PROBLEM REQUIREMENTS
Pictures in the listing below are skipped, while the lines from the "Wassersprinkler Hydrant Outdoor" line through the "Pink gift box" line are returned word for word.

RECORDS SHOWN
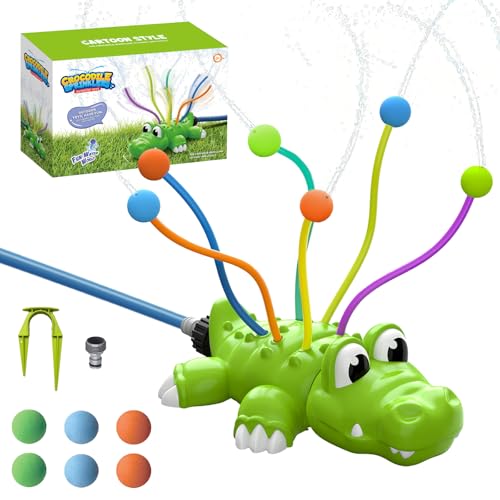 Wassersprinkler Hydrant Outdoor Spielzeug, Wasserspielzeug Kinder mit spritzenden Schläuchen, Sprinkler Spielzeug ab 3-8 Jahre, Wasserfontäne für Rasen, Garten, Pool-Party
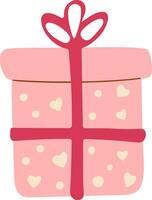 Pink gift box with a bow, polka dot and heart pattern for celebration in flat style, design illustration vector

* * *

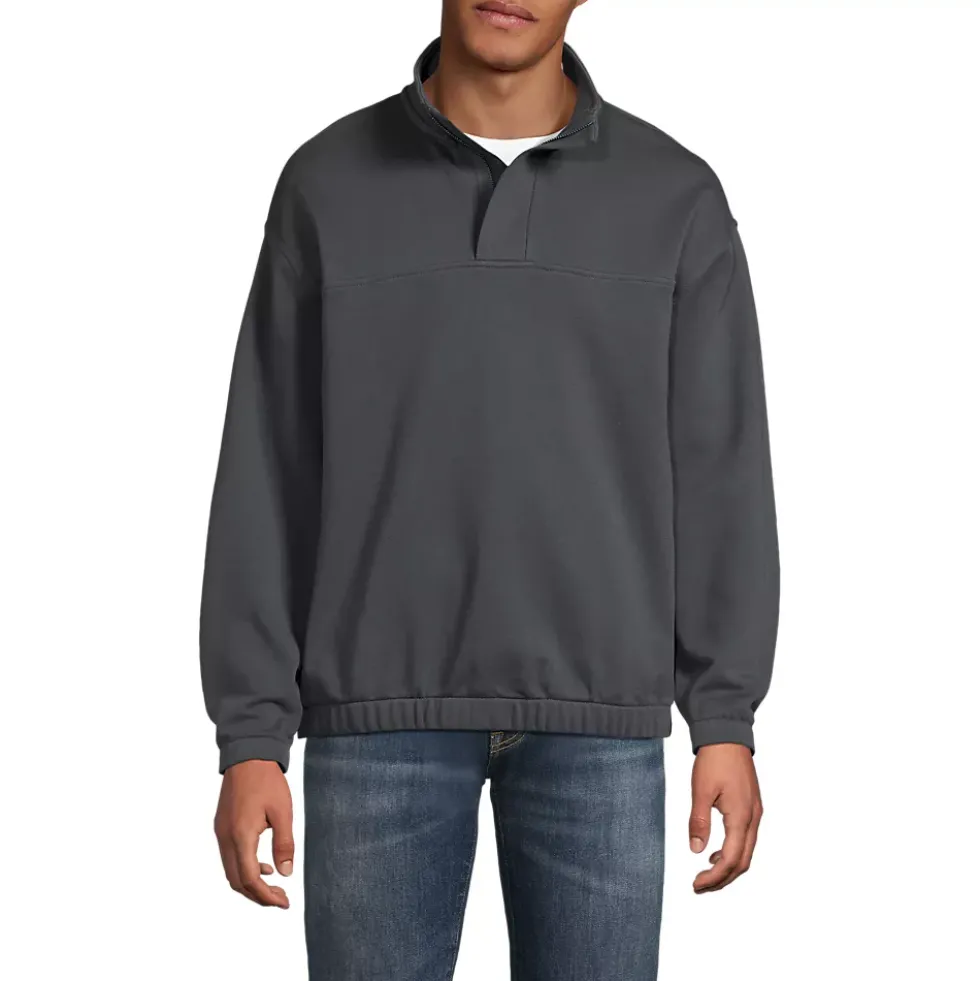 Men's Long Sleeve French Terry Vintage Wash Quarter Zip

ANSWER
 Wassersprinkler Hydrant Outdoor Spielzeug, Wasserspielzeug Kinder mit spritzenden Schläuchen, Sprinkler Spielzeug ab 3-8 Jahre, Wasserfontäne für Rasen, Garten, Pool-Party
 Pink gift box with a bow, polka dot and heart pattern for celebration in flat style, design illustration vector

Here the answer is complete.